In 2005, per capita water use in Prescott Valley was about 112 gallons per day, 13 gallons less than the 125-gallon maximum use level the Arizona Department of Water Resources (ADWR) imposed on the town in 1980.
Per capita use in 2005 also was about 15 gallons less than per capita use in 2004, despite an increase of about 3,000 users in the service population.
By contrast, ADWR allows Prescott to have a per capita water use of 156 gallons per day. From 2000 to 2004, Prescott used 156 per capita gallons every day.
"I think our citizens should be proud as a group that they have resisted being wasteful," said John Munderloh, Prescott Valley's water resources manager.
However, he emphasized that while "we do have water to use, we don't have water to waste."
Munderloh credits the inverted rate system the town set up in 2003 with helping to curb water use.
Under the system, the first 8,000 gallons used each month cost $2.31 per 1,000 gallons. The next 12,000 gallons cost $2.77 per 1,000 gallons and every 1,000 gallons after 20,000 gallons cost $3.60.
"The more water you use, the more you pay for it," Munderloh said.

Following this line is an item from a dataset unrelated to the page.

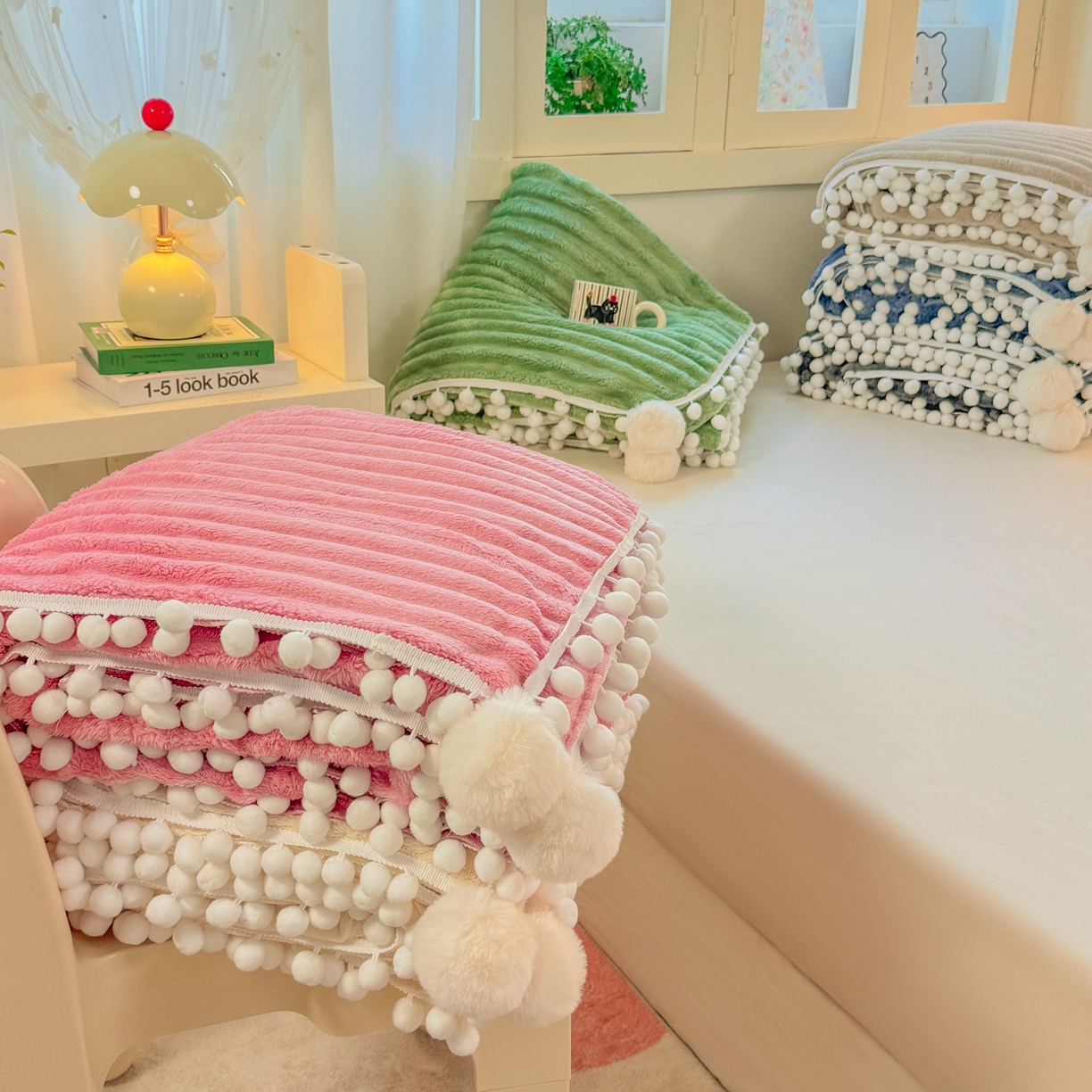 91家纺网 家纺一手货源 找家纺 眠势力 2025新款高克重毛毯抽条兔毛绒毯子多功能小球球加厚雪球盖毯 组合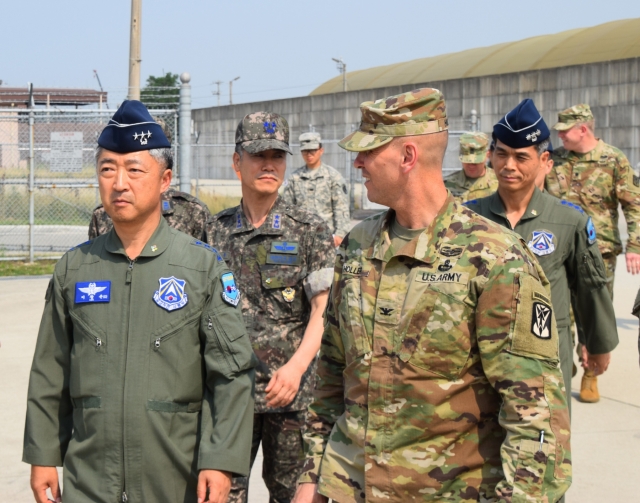 Коммандующий 35-й Противовоздушной Артиллеристской бригады демонстрирует ЗРК &laquo;Пэтриот&raquo; генералу-лейтенанту Южнокорейской Армии. (ЗРК &laquo;Пэтриот&raquo; является одним из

In 2005, Prescott Valley pumped about 5,000-acre-feet or more than 1.6 billion gallons of water from its 24 wells, the equivalent of 2,467 Olympic-size swimming pools.
"We're ahead of the game," Munderloh said. "We have a very robust supply system."
Despite the town's relative water security, it is still pushing for increased conservation through various proposed regulatory programs.
These include amendments to building codes to limit landscape water use and the installation of smaller water meters for builders who can demonstrate lower water demand.
Munderloh estimated that outdoor watering accounts for 40 percent of the town's water use annually and as much as 50 percent or 60 percent during the summer.
The town is also creating a multi-pronged educational campaign for children.
"We've found that educating kids is a great way to educate parents and families," Munderloh said.
Crystal Frost, a water resource specialist with ADWR, is coordinating the Oct. 6 "Make A Splash Water Festival" at Mountain Valley Park in conjunction with the University of Arizona.
Yavapai County and all of the tri-city municipalities are participating in the festival.
More than 1,200 fourth-grade students from area school districts are planning to attend, making it the largest ever water festival in Arizona.
"It teaches them about the water cycle, the value of water, ground water issues and watersheds," Frost said. "It's important to educate children at a young age so they can develop lifelong water saving habits."